03.01.23
Muitas das recentes tragédias e calamidades que têm acontecido junto dos aglomerados põem em evidência a falência do espírito e da dinâmica de comunidade. Já lá vai o tempo em que as pessoas se juntavam para realizar atividades e eventos em conjunto, se organizavam em torno de iniciativas e projetos para benefício do bem comum e da qualidade de vida de todos. Por todo o lado se ouve o queixume de que já não há o mesmo empenho e interesse por aquilo que, noutros tempos, se fazia com brio em comunidade, como por exemplo limpar as poças coletivas, os regos da aldeia, os caminhos públicos, a recolha de lenha no monte, a limpeza das ruas, intervenções e socorro de necessidades, a realização da festa ou das festas da terra sem lamúrias, realização de convívios para aprofundamento da comunhão e da fraternidade, entre outras coisas. Agora é notório, infelizmente, que as pessoas andam mais desinteressadas e desgarradas umas das outras, o individualismo, o comodismo pessoal e o interesse particular prevalecem sobre o bem da comunidade.

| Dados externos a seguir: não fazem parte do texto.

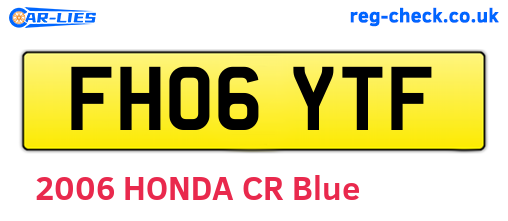 FH06YTF are the vehicle registration plates.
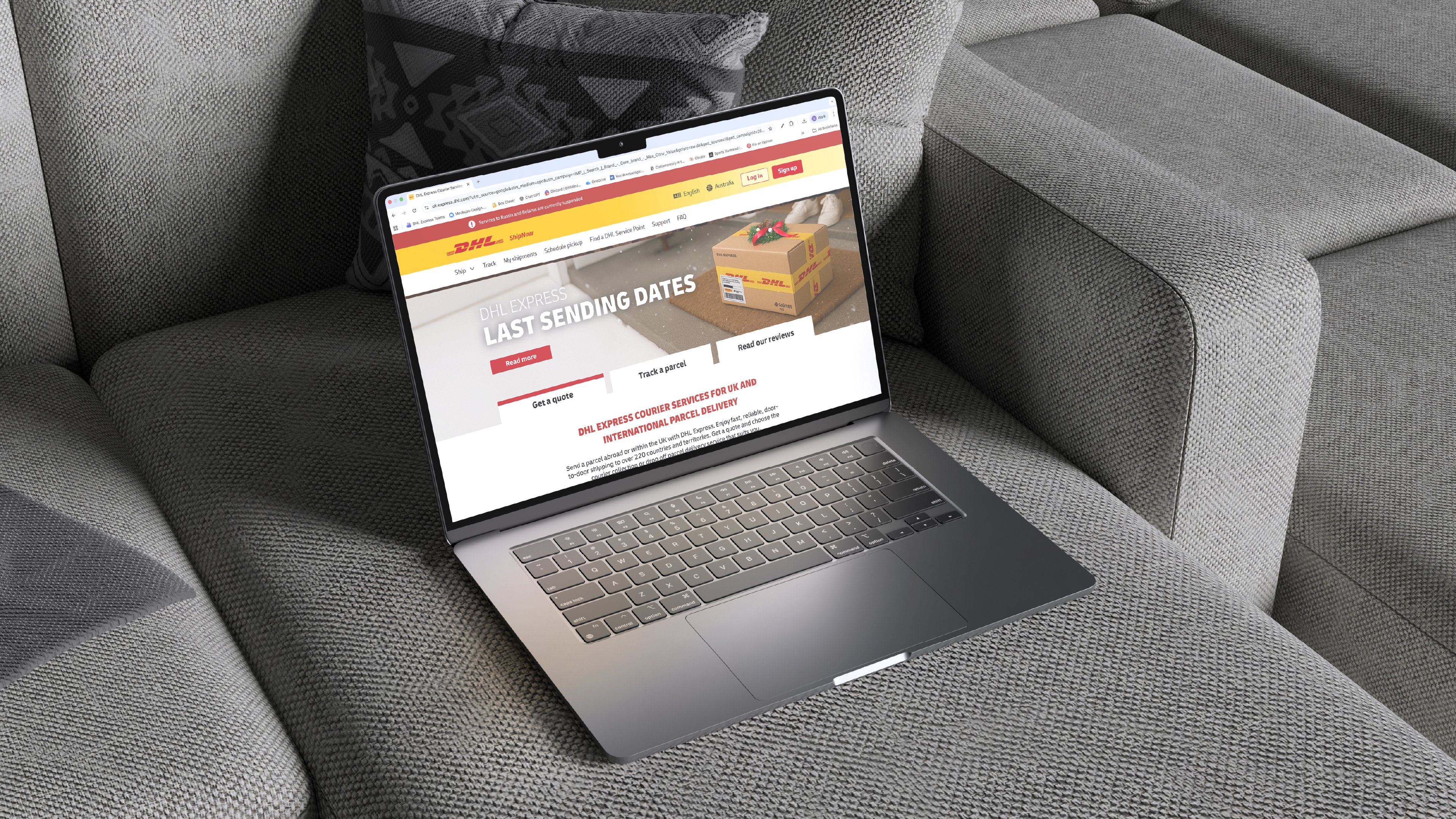 DHL Christmas Retail Campaign mockup 23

No entanto, começamos a perceber que é importante recuperar o espírito de comunidade mais do que nunca, porque somos cada vez menos e estamos mais frágeis. O revigorar a dinâmica de comunidade será a salvação daqueles que restam nas aldeias e vilas do interior. Hoje vemos muitas pessoas a morar juntas, mas não fazem uma comunidade, mal se conhecem, não se preocupam umas com as outras, não querem saber umas das outras, nunca participam em nada, não se empenham em nada pelo bem da comunidade, vivem única e exclusivamente para os seus interesses pessoais e para o seu grupo restrito de amigos, os outros não existem. Muitas pessoas que vivem na mesma terra nunca estão onde está a comunidade, nunca organizam nada e nunca participam em nada que é organizado para enriquecimento da comunidade.
Em muitas aldeias e vilas, e até cidades, diluiu-se o espírito e a vida comunitária. Muitas comunidades estão mortas e mortiças, desorganizadas, desencontradas, sem vitalidade e sem iniciativa, amorfas e apáticas, acomodadas ao Estado e à iniciativa dos seus representantes ou de um ou outro mais atento e afoito. Contudo, nada substitui a comunidade e se queremos melhorar a nossa vida no interior, ou pelo menos sobreviver, com os muitos problemas e desafios que temos pela frente, com os poucos meios que temos ao dispor e com os que aqui resistem em viver, é na recuperação da vida da comunidade que o podemos fazer.